How Many Votes Do I Have?
Each share of common stock entitles you to one vote. The proxy card indicates the number of shares of common stock that you own. However, in the election of directors, you are entitled to cumulate your votes if you are present at the meeting, the nominees(s) name(s) have properly been placed in nomination, and a shareholder has given notice at the meeting prior to the actual voting of his intention to vote his shares cumulatively. Cumulative voting allows you to give one nominee as many votes as is equal to the number of directors to be elected, multiplied by the number of shares you own, or to distribute your votes in the same fashion between two or more nominees. The return of an executed proxy grants the Board of Directors the discretionary authority to also cumulate votes.
May I Change My Vote After I Return My Proxy Card?
Yes.
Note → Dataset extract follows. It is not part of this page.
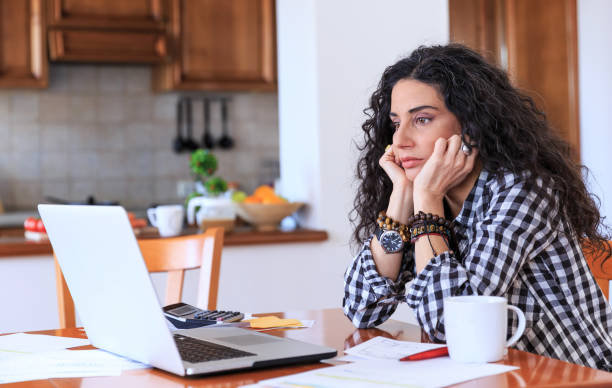 Best Unsecured Loans  in Mission Bend, TX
Even after you have submitted your proxy, you may change your vote at any time before the proxy is exercised, if you file with CVB Financial Corp.s Secretary either a notice of revocation or a duly executed proxy bearing a later date. The powers of the proxy holders will be suspended if you attend the meeting in person and so request, although attendance at the meeting will not by itself revoke a previously granted proxy.
How Do I Vote in Person?
If you plan to attend the meeting and vote in person, we will give you a ballot form when you arrive. However, if your shares are held in the name of your broker, bank or other nominee, you must bring a legal proxy from your broker, bank or other nominee to vote the shares at the meeting.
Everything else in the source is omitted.